The Embedding (Knowledge base) step serves as the final stage of an AI pipeline, responsible for transforming processed data into searchable vector embeddings.

This step converts TEXT or image BYTEA data into high-dimensional vectors using a configured AI model.

  • The knowledge base step must always be the last operation in a pipeline because its output is a VECTOR type, which can't be used as input by any subsequent pipeline operations.

  • Data is processed in efficient batches. If a specific batch fails, the system automatically retries items individually to isolate and bypass corrupt or bad records without halting the entire pipeline.

  • Knowledge bases are not created as standalone objects; they are registered automatically when you define a pipeline that includes a KnowledgeBase step.

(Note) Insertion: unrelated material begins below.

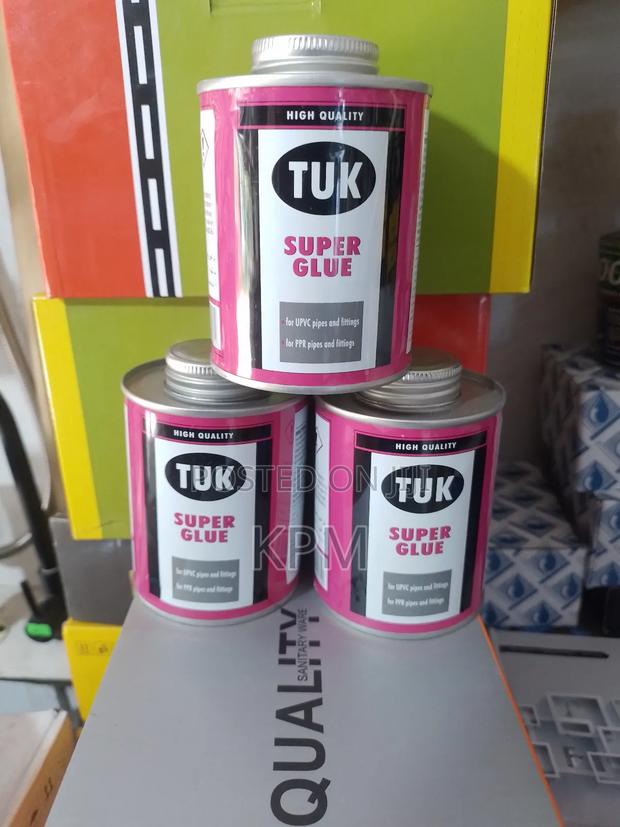 Tangit Glue High Quality · Photo 1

You configure this step using specific helper functions to define how the embeddings are generated and indexed.

Creating a new knowledge base

Use aidb.knowledge_base_config() to set the foundational parameters:

ParameterTypeDescription
modelTEXTRequired. The embedding model name. For example, bert, text-embedding-3-small.
data_formatEnumRequired. Specifies if the input data is 'Text' or 'Image'.
distance_operatorEnumThe similarity metric. Defaults to L2; also supports Cosine or InnerProduct.
vector_indexJSONBOptional index configuration (e.g., HNSW or IVFFlat) to optimize search performance.

Linking to an existing knowledge base

To allow multiple pipelines to feed into the same knowledge base, use aidb.knowledge_base_config_from_kb(data_format). This function ensures the new pipeline inherits the model and distance operator settings of the existing KB.

The KnowledgeBase step automatically generates a destination table named pipeline_<name>.

Table schema:

ColumnTypeDescription
idBIGSERIALPrimary key.
pipeline_idINTReference to the originating pipeline.
source_idTEXTID of the original source record.
part_idsBIGINT[]Tracks segments if the data was chunked or parsed.
valuevectorThe pgvector embedding.

Multi-pipeline integration

A single knowledge base can aggregate data from multiple pipelines. The knowledge_base_pipeline junction table manages these mappings. When retrieving data via retrieve_text(), the output includes a pipeline_name column so you can identify the exact source of each result.

Monitoring and stats

You can audit your knowledge bases through two primary views:

  • aidb.knowledge_bases (alias aidb.kbs): Displays all KBs, their models, distance operators, and linked pipelines.

  • aidb.knowledge_base_stats (alias aidb.kbstat): Provides real-time processing and storage statistics.